Whaddup Philosophers! I was invited to give a lecture The People’s Philosophy Colloquium in Portland, OR. They are an awesome organization. Check them out at: http://peoplescolloquium.org
The topic I choose was: Individuality and Individuation: Contemporary Selfhood in Art Transcendence and Social Justice. I have added my slides below so you can see them.
Here is the write up:
Lecture Title: Individualism vs. Individuality: The Implications of Contemporary Selfhood in Art, Transcendentalism and Social Justice
Overview: In this lecture we will explore the how the concept and creation of ‘self’ is structured in phenomenological praxis with media. We will discuss the current nuances of identity construction as influenced by the individual imperative to generate semiotic self-representations. How is the nature of identity shifting within the larger techno-social ecosystem of late capitalism? How does this depart from previous processes of understanding and participation in the creation of a ‘self?’ What are the implications of this regarding art, self-realization and the potential for social justice movements? There will be a presentation of theory, time for discussion and an experiential exercise.

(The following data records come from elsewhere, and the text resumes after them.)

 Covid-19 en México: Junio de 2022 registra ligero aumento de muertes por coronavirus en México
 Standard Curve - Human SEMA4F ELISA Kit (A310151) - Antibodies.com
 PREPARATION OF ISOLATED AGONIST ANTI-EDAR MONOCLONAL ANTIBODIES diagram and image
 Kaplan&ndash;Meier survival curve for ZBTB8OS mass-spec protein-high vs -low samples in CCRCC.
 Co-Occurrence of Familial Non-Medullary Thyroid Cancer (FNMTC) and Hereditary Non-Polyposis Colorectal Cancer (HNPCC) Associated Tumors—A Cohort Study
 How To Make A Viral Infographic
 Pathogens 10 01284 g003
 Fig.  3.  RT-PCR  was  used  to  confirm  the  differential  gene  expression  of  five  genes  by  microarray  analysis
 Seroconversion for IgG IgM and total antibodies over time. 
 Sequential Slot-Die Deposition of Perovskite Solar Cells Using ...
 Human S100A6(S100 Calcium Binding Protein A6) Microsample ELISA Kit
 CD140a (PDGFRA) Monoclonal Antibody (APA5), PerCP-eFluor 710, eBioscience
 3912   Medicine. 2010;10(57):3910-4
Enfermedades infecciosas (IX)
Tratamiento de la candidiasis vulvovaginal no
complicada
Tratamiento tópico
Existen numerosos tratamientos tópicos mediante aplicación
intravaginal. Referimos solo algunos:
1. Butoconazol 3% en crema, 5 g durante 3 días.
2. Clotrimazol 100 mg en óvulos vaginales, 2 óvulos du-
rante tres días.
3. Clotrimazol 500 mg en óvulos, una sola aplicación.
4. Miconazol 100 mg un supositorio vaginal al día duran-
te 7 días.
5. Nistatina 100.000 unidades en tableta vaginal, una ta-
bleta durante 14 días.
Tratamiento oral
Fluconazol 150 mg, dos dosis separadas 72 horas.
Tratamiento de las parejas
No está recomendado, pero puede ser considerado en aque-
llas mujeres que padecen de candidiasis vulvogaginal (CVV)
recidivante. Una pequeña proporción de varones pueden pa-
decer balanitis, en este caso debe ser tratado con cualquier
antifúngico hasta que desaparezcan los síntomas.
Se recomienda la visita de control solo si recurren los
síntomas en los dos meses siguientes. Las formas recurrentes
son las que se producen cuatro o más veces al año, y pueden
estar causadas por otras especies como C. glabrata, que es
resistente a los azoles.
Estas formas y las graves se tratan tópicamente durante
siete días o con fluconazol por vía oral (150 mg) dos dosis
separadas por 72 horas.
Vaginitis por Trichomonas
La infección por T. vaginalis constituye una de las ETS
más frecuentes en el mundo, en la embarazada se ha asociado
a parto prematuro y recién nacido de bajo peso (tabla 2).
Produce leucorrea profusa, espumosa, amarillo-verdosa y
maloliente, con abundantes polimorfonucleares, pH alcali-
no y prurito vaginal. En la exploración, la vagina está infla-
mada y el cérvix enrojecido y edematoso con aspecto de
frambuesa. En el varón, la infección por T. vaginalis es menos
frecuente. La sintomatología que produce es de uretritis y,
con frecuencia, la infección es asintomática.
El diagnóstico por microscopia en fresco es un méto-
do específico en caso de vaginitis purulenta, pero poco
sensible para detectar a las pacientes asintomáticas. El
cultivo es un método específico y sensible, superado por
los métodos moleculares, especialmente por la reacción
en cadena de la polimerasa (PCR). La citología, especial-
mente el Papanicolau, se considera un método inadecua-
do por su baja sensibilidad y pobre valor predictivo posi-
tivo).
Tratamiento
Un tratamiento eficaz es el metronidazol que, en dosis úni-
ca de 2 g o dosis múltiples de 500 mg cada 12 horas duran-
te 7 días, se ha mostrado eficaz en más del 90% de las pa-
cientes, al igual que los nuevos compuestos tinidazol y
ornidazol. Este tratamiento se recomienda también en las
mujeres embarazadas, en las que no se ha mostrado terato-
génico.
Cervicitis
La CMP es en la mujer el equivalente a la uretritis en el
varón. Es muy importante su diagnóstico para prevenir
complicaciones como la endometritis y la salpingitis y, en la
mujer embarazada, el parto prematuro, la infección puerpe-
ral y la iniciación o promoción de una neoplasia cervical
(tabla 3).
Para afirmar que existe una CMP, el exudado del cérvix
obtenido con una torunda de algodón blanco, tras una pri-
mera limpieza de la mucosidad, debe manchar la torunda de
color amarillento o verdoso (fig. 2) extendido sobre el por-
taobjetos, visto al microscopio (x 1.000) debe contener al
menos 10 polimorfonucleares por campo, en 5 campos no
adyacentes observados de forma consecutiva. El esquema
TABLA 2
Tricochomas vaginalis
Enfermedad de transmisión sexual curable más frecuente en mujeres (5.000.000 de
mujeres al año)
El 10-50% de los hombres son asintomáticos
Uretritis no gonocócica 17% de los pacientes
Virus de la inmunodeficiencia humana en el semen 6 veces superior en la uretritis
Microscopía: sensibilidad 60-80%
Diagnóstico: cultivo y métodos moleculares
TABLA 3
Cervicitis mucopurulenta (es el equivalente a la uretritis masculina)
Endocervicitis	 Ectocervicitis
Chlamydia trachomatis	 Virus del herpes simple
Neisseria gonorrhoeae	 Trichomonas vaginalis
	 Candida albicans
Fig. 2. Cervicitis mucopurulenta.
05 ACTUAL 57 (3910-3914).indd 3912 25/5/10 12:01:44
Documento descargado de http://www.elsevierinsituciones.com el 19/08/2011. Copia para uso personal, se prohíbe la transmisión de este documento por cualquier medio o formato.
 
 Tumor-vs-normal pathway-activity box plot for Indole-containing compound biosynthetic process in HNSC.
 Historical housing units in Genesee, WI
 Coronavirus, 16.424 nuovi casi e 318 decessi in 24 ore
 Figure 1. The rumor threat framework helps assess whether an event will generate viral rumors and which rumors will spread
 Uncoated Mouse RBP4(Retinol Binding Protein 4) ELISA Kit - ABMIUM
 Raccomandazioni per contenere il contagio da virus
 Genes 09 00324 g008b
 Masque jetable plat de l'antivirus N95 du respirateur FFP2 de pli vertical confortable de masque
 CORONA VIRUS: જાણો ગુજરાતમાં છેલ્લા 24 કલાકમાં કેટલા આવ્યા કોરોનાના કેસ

KEY AREAS OF THEORY PRESENTATION
-Rough historical review of the emergent notions of individuation and individuality from the Industrial Revolution in Western Europe up to contemporary late capitalism.
-Basic phenomenological model of perception and cognition as related to self-conception.
-Exploration of the development of self within the context of late capitalism and current cycles of semiotic self-representation.
-Forward looking implications of the interplay of ego-constructed individualism on the creation art and the potential influences on the viability, successful social movements and the spiritual dimension of human experience.
(Suggested Reading) Lecture Will Drawn On Theories By:
1. Ian Hacking, Making Up People, London Books, 2006.
2. Gilles Deleuze, The Fold: Leibniz and the Baroque, University of Minnesota Press, 1992.
3. John Berger, Ways of Seeing, Penguin Press, 1972.
4. Celeste Olalquiaga, Megalopolis: Contemporary Cultural Sensibilities, University of Minnesota Press, 1992.
5. Martin Buber, I and Thou, 1937.
6. Koltko-Rivera, Mark E., Rediscovering the Later Version of Maslow’s Hierarchy of Needs: Self-Transcendence and Opportunities for Theory, Research, and Unification, Review of General Psychology 2006, Vol. 10, No. 4, 302–317.